• _WHAT IS REQUIRED_
Quote the records below in full, exactly as given, with the images taken out.

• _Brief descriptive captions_
=== Begin Enclosure ===
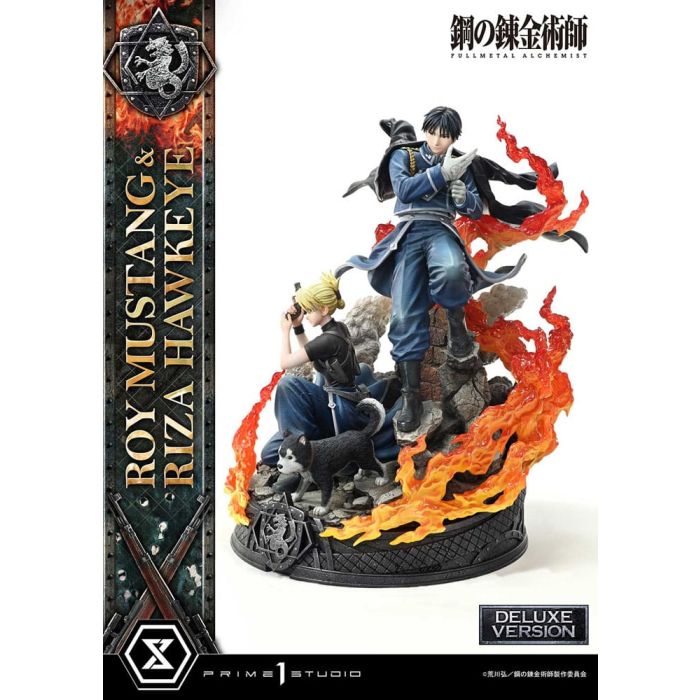 Fullmetal Alchemist Concept Masterline Statue 1/6 Roy Mustang & Riza Hawkeye Deluxe Bonus Version 50 cm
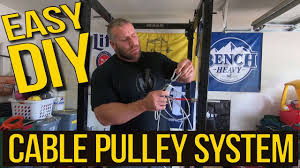 This is a great addition to any home gym. How To Make Your Own Cable Pulley System For Your Home Gym Youtube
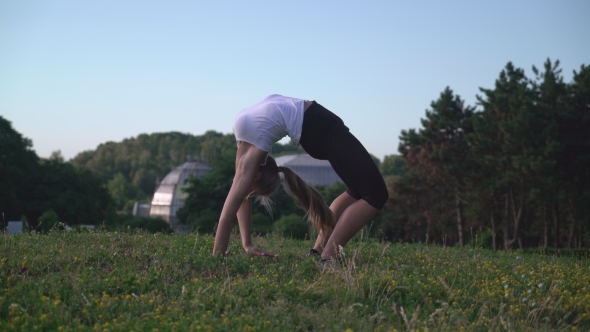 Girl Enjoy Workout Outdoors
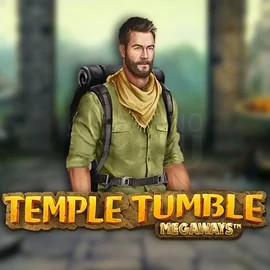 Temple Tumble Megaways slot logo by Relax Gaming at Placard CasinoTemple Tumble Megaways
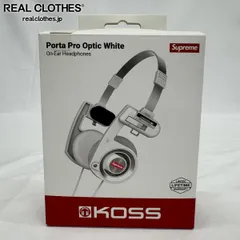 2026年最新】KOSS ヘッドホン supremeの人気アイテム - メルカリ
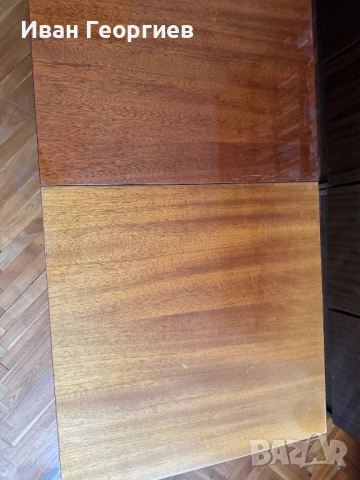 Кафява холна маса разтегателна В/Щ/Д- 54/55/110(157,5), снимка 4 - Маси - 50661392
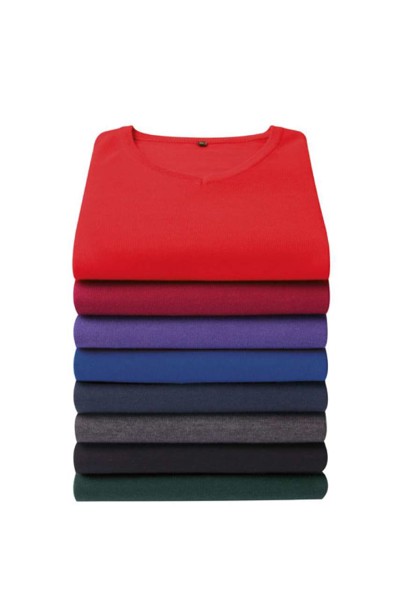 Men's Knitted V-Neck Sweater - Bottle / 2XL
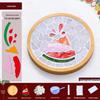 Mosaic Coaster DIY Kit: Fruit Series for Parent-Child Art Projects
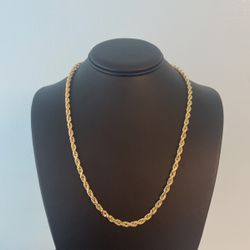 Hollow 10k Gold Rope Chain 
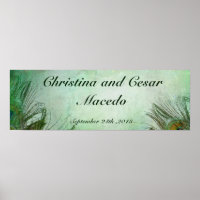 Plumas verdes de pavo real personalizadas de 22.5"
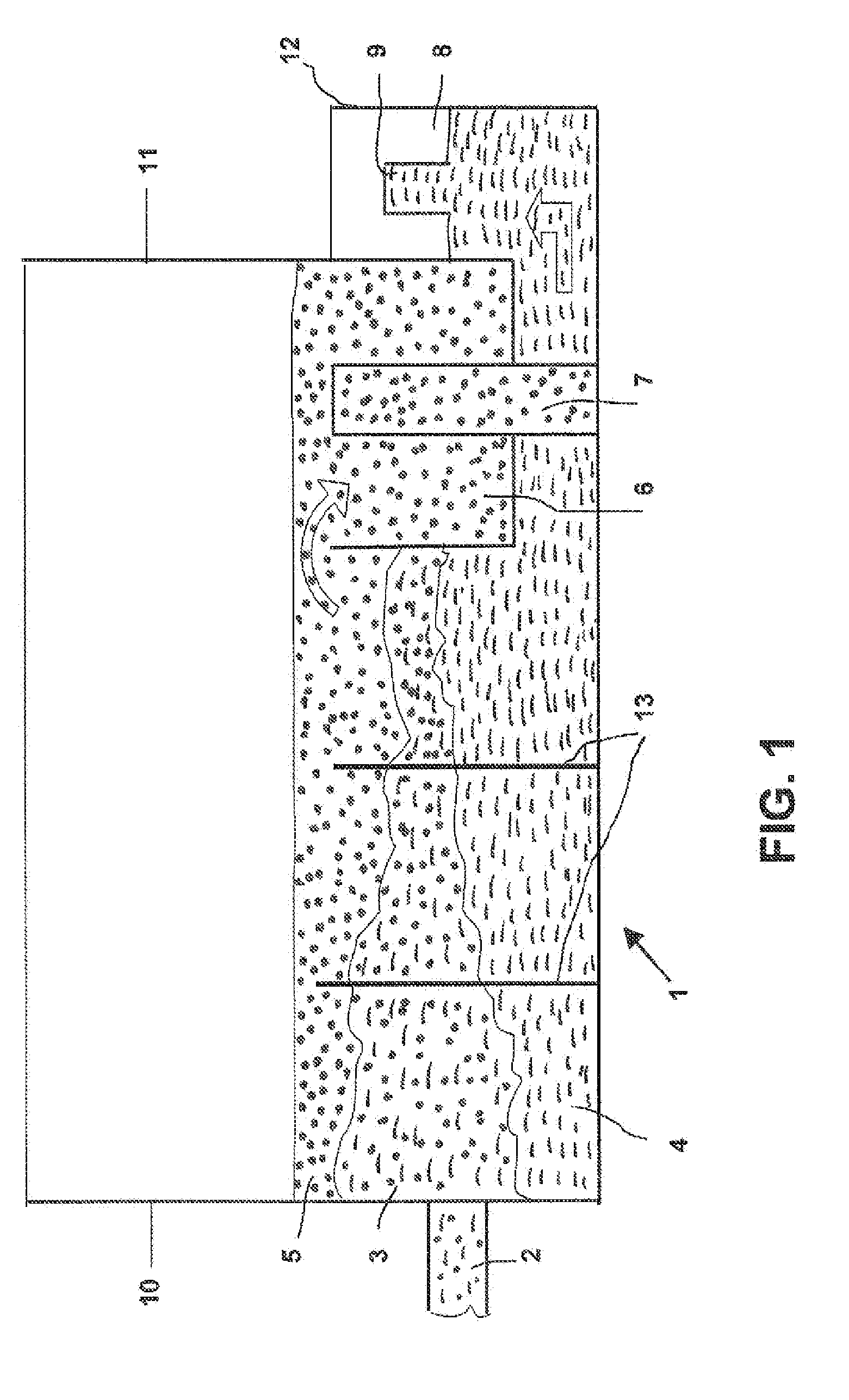 System for decreasing amount of organic solution in the liquid-liquid extraction process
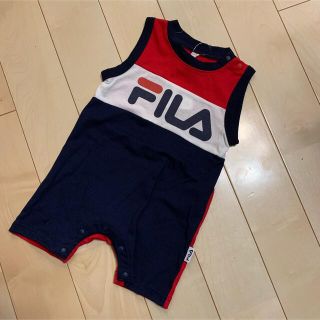 新品　フィラ　FILA ロンパース  ノースリ　80(ロンパース)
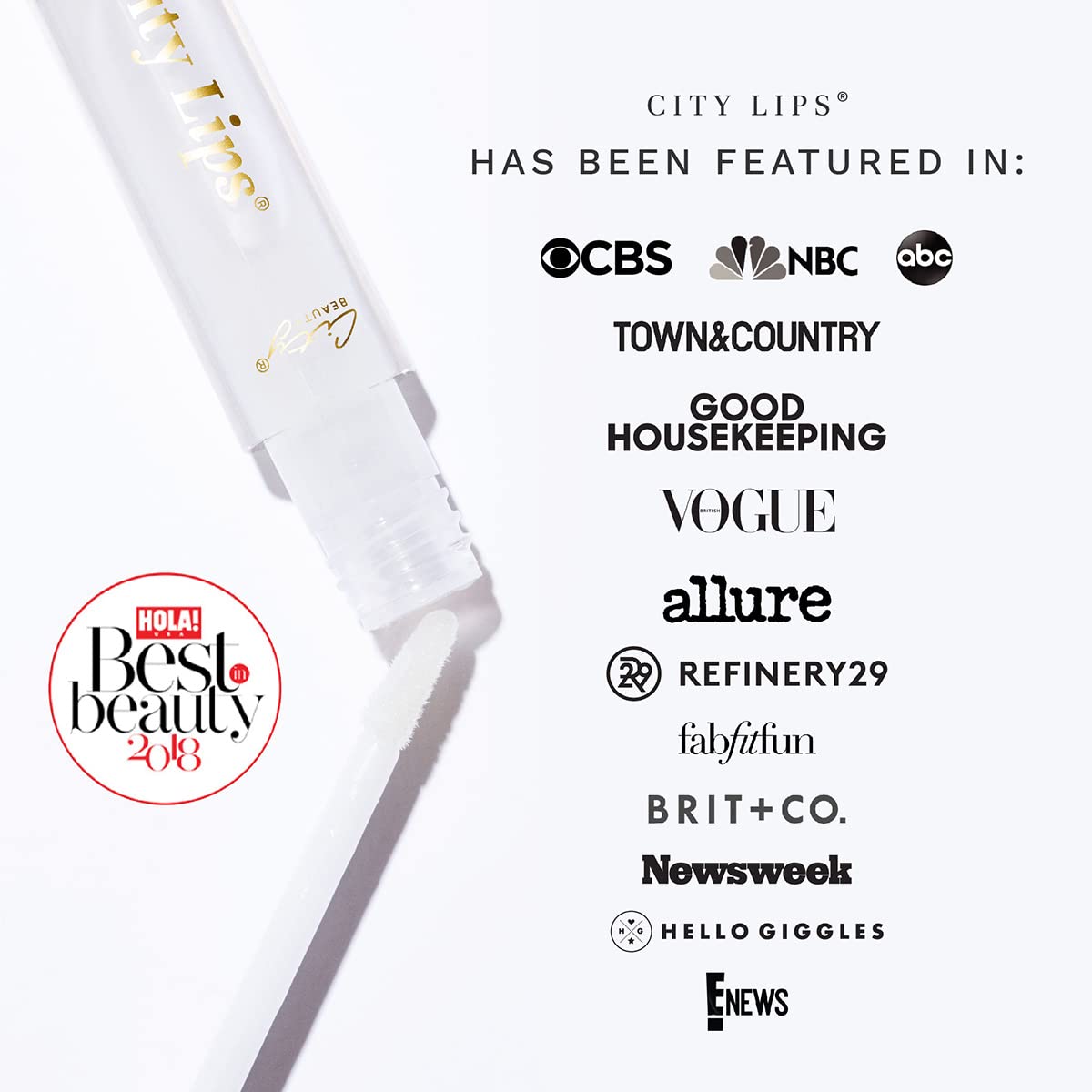 City Beauty City Lips Plumping Lip Gloss Pink Nude - High-Shine Gloss for Fuller, Younger-Looking Lips | Hydrating & Smoothing Lip Treatment Hyaluronic Acid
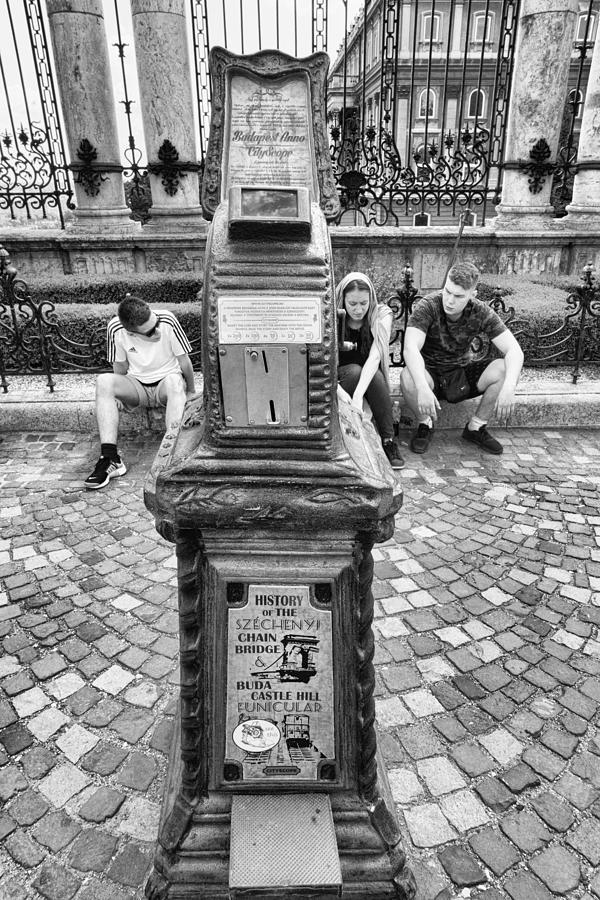 Budapest CityScope Black and White Photograph by Sharon Popek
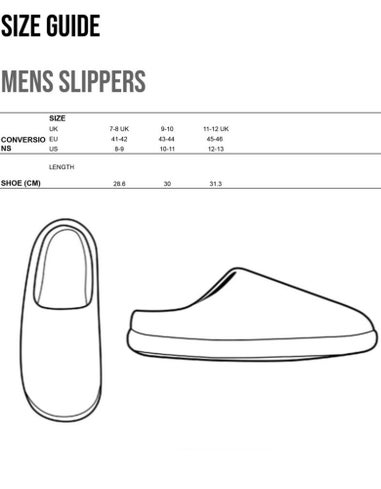 Vanilla Underground Peaky Blinders Adults Icons Mule Blue Slippers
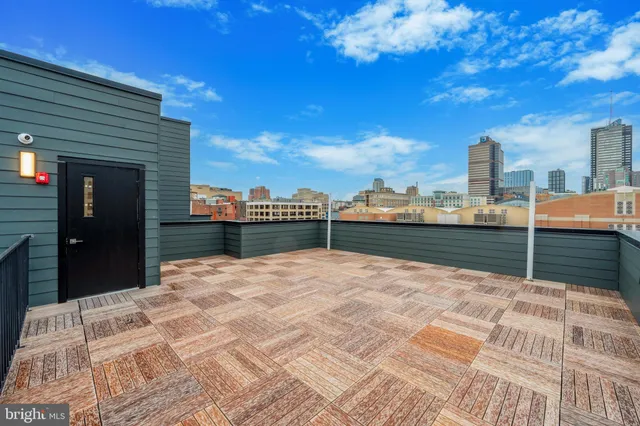 a view of city from balcony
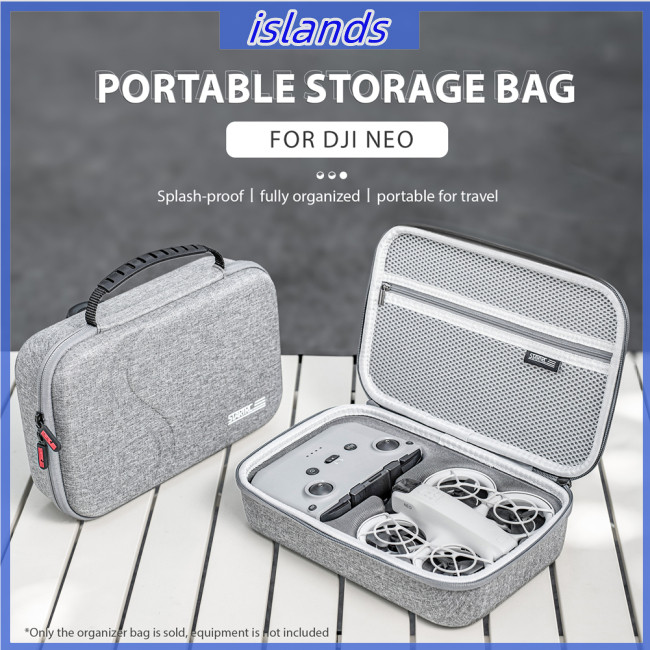 【IS】 Portable Storage Bag Compatible For DJI NEO Aircraft RC-N3 Remote ...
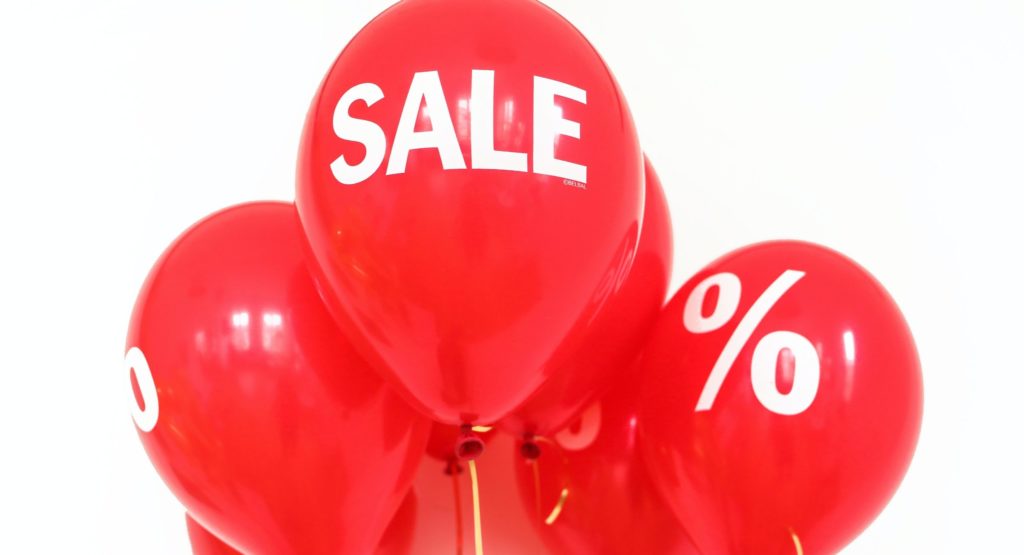Sale on balloons 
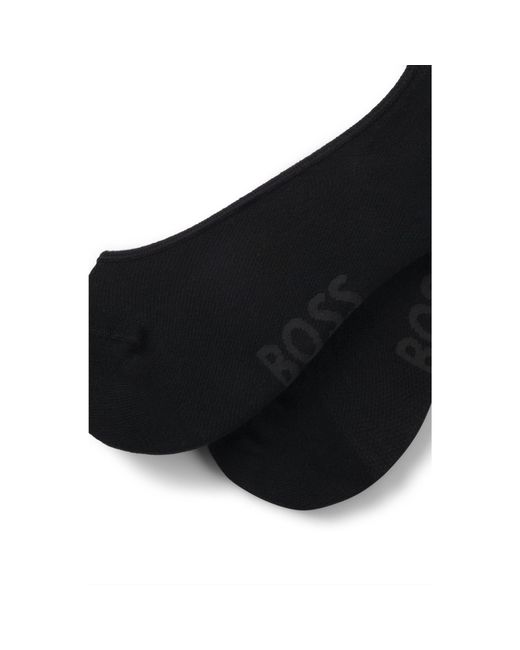 Boss Black Two-Pack Of Invisible Socks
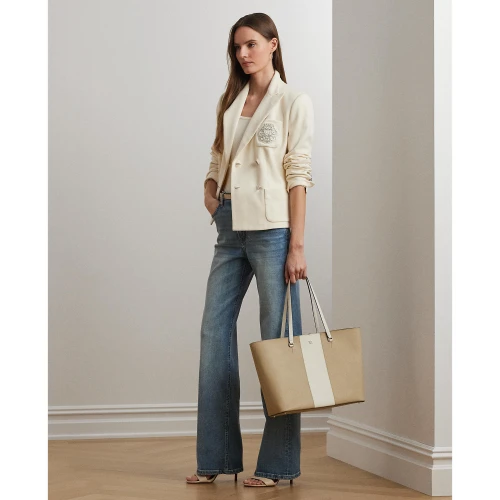 Σακάκι Bullion Jacquard με Διπλό Κούμπωμα Lauren Ralph Lauren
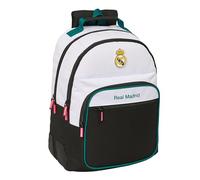Safta Schulrucksack Real Madrid 26/27 Double 20 l Weiß Kinder 32 x 15 x 42 cm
=== End Enclosure ===
• _FINISHED TASK_
 Fullmetal Alchemist Concept Masterline Statue 1/6 Roy Mustang & Riza Hawkeye Deluxe Bonus Version 50 cm
 This is a great addition to any home gym. How To Make Your Own Cable Pulley System For Your Home Gym Youtube
 Girl Enjoy Workout Outdoors
 Temple Tumble Megaways slot logo by Relax Gaming at Placard CasinoTemple Tumble Megaways
 2026年最新】KOSS ヘッドホン supremeの人気アイテム - メルカリ
 Кафява холна маса разтегателна В/Щ/Д- 54/55/110(157,5), снимка 4 - Маси - 50661392
 Men's Knitted V-Neck Sweater - Bottle / 2XL
 Mosaic Coaster DIY Kit: Fruit Series for Parent-Child Art Projects
 Hollow 10k Gold Rope Chain 
 Plumas verdes de pavo real personalizadas de 22.5"
 System for decreasing amount of organic solution in the liquid-liquid extraction process
 新品　フィラ　FILA ロンパース  ノースリ　80(ロンパース)
 City Beauty City Lips Plumping Lip Gloss Pink Nude - High-Shine Gloss for Fuller, Younger-Looking Lips | Hydrating & Smoothing Lip Treatment Hyaluronic Acid
 Budapest CityScope Black and White Photograph by Sharon Popek
 Vanilla Underground Peaky Blinders Adults Icons Mule Blue Slippers
 a view of city from balcony
 【IS】 Portable Storage Bag Compatible For DJI NEO Aircraft RC-N3 Remote ...
Sale on balloons 
 Boss Black Two-Pack Of Invisible Socks
 Σακάκι Bullion Jacquard με Διπλό Κούμπωμα Lauren Ralph Lauren
Safta Schulrucksack Real Madrid 26/27 Double 20 l Weiß Kinder 32 x 15 x 42 cm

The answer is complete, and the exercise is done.